I would be interested to hear your views since other parts of the world may not experience the same issue.


----------



## JoeLyddon (Apr 22, 2007)

Very good letter…

Hope it does some good!


----------



## huff (May 28, 2009)

Kent, That was a great letter to the editor. I'm afraid this is happening all over. North Carolina (Furniture Capital of the World) has done the same and when I first moved to South Carolna a few years ago, I realized they have taken Industrial Arts out of our schools here too. A couple year ago I wanted to find a young person that might have the same passion that I had when I took woodworking in school and work with him/her to help them learn the love of woodworking in business. No luck! No woodshops in school. I even went to the local private school of Arts and Science only to find out they had classes on about everything but woodworking….......So I guess my passion for woodworking is becoming a lost Art.


----------



## TopamaxSurvivor (May 2, 2008)

Too much teaching to a test performance and a politically correct agenda combined with financial troubles of a depth unseen since the Great Depression are taking a terrible toll on the education of today's youingsters ;-((


----------



## stefang (Apr 9, 2009)

This does strike a chord Kent. Here in Norway youngsters who were not headed to higher schools were enrolled in trade/technical schools at an age of about 15 years. This was great for so many "hands on" type of persons. After finishing trade school where they learned Electrical, plumbing, woodworking, welding and a whole raft of other technical skills, they were apprenticed to successful businesses to get practical experience and prove themselves. This was done through a partnership between business and the schools.
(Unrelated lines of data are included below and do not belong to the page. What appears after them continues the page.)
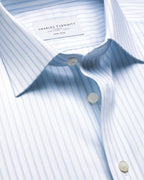 Charles Tyrwhitt Non-Iron Twill Stripe Shirt - Light Blue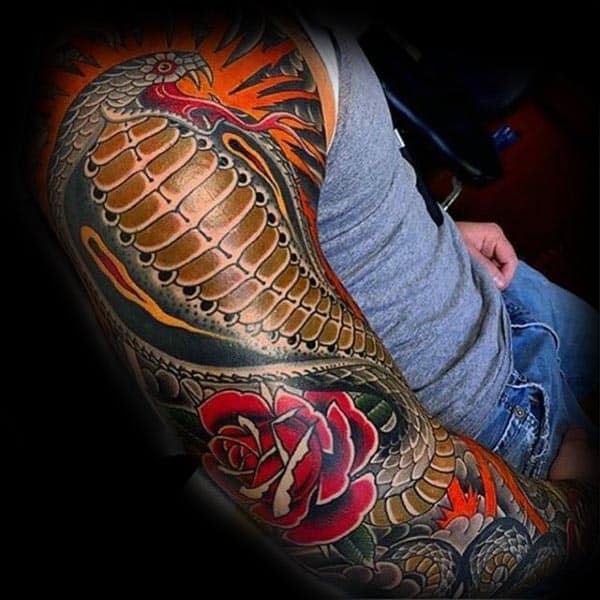 Full Sleeve Red Rose Cobra Male Tattoo Ideas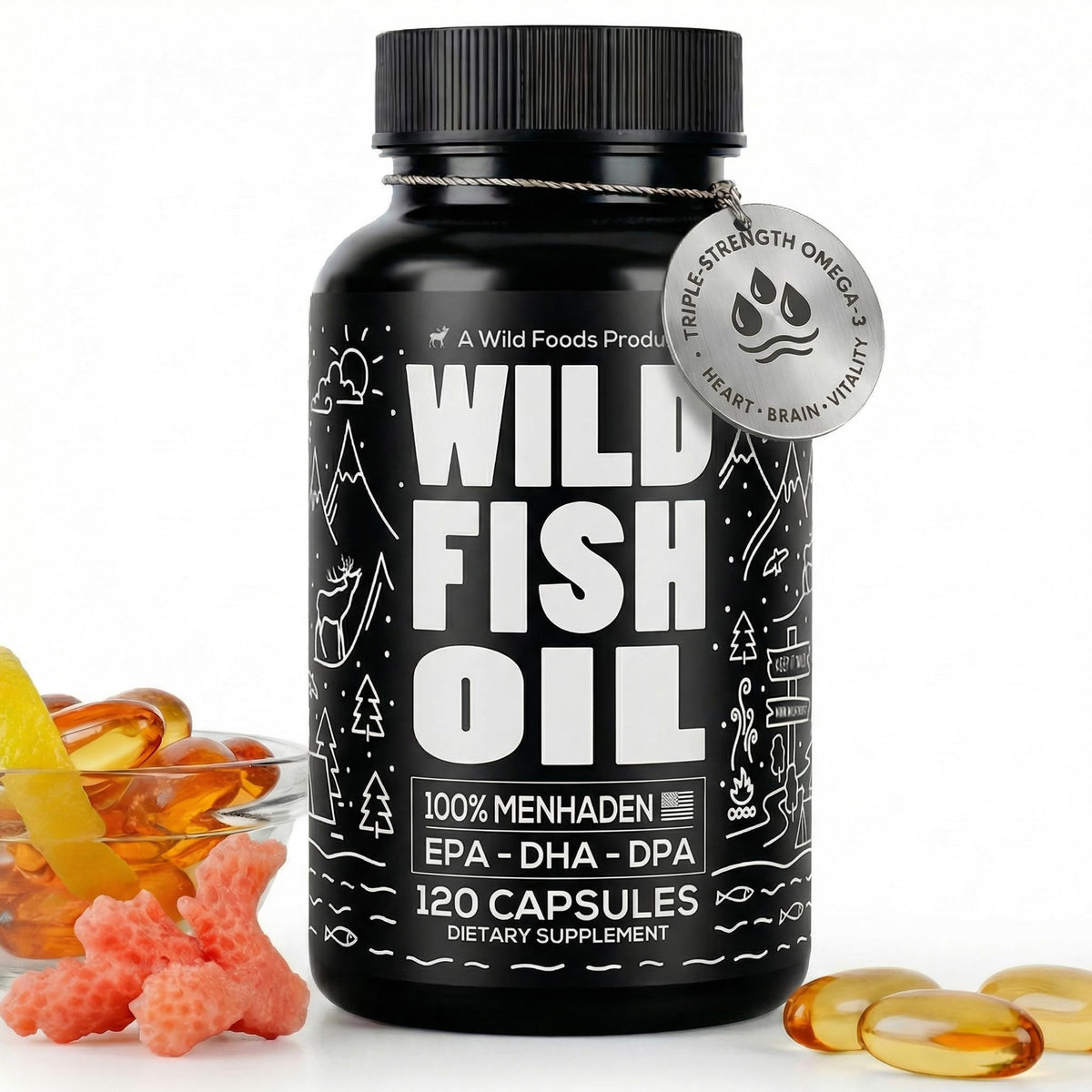Wild Foods Omega 3 Fish Oil Supplement, 120 Capsules (2 pk)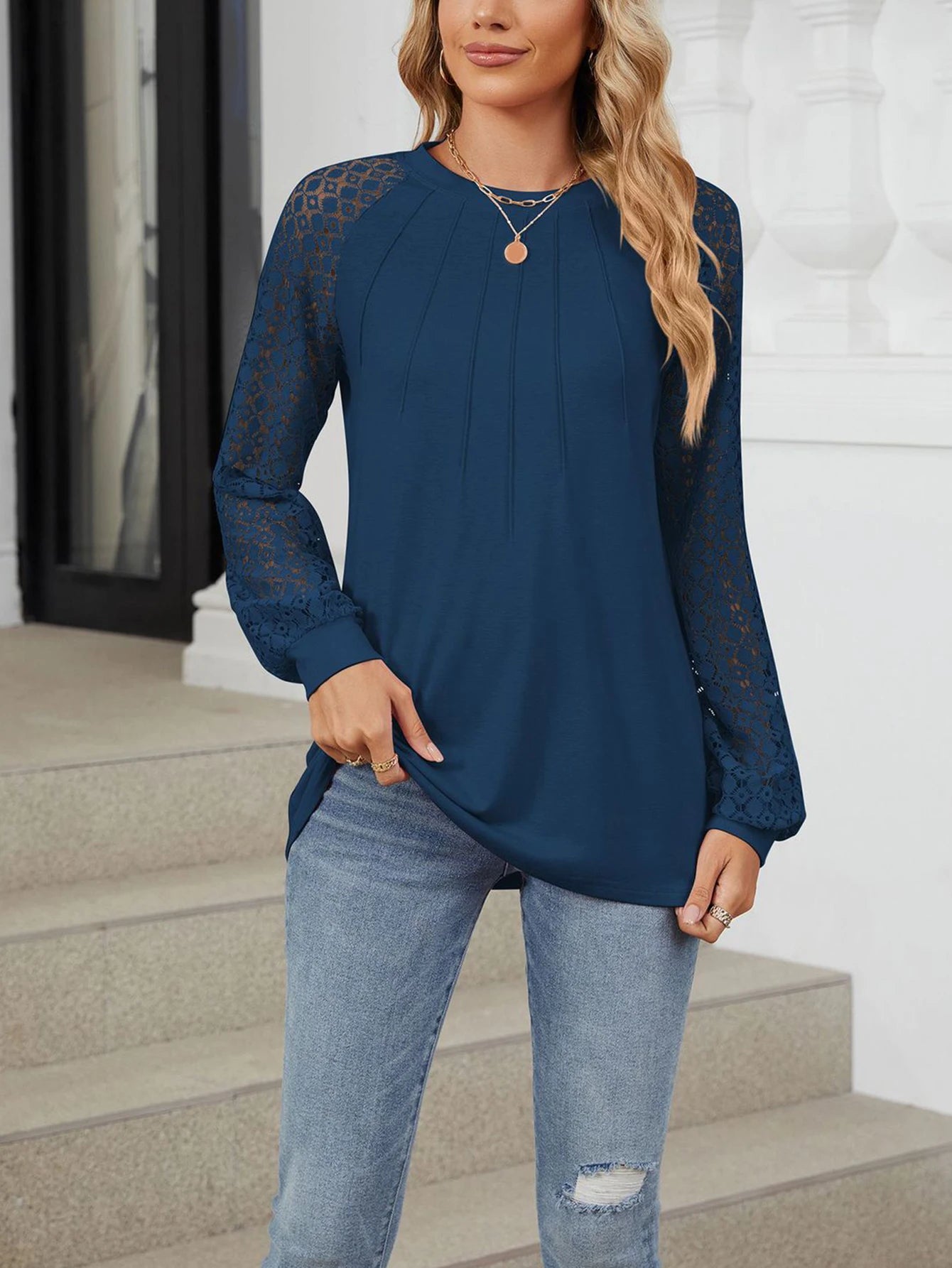 Guangdong Lantern Sleeve Lace Top With Round Neck Long Sleeve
The problem today is that if anybody has a job that doesn't have the title "manager" attached to it, it is thought to be a lesser position. I have known a lot of mangers in my day and been one myself. Most have been incompetent leaders with a few glowing exceptions. I don't include myself among this last group, but I did the best I could, as others do. We need people who can actually do things in the real world. With experience they should become the managers. The way some people work these days is absolutely appalling. I blame it all on to the modern education system. We have basically trashed a whole group of people who could be doing very well and providing benefits to society at large. Good luck in your quest!!


----------



## Brian024 (Feb 2, 2009)

I've been at the tech school for 4 years so far, 2 years for high school building construction and 2 years for industrial mechanics. They teach everything; nursing, culinary, auto, diesel, machining, welding, and even EMT/firefighting. Most of the computer and health related programs, have really big attendance rates and are full every year. The one that has really taken a hit is the machining and printing. The construction class is the closest thing to a woodshop, there's probably $50,000 worth of Powermatic machines in there but he doesn't teach a lot of woodworking, some but not a lot. He does build a bookcase every year and shows the guys how to use the jointer, planer, router, and the other tools you don't normally use on a construction site.


----------



## stefang (Apr 9, 2009)

My comments above may seem hypocritical in light of the what I said on another post last week, which basically was, that with all the books, woodworking videos and inexpensive tools that high school woodshop wasn't really necessary anymore. At the time I was thinking of hobby woodworkers, but you put this in a different context, and I see now that there is a lot more to it than just hobbyists needs and that I was wrong. Good wake-up call.


----------



## rustedknuckles (Feb 17, 2008)

In 1990 I graduated university with an Industrial Arts/Technology education degree. The high school industrial arts programs were phased out a few short years later; however, we have managed to hold onto the middle school level programs. These cover a broad spectrum of the industrial/home economic/technology courses. This does not qualify or compare in any way shape or form for training in the related fields, only as an introduction to the various groups.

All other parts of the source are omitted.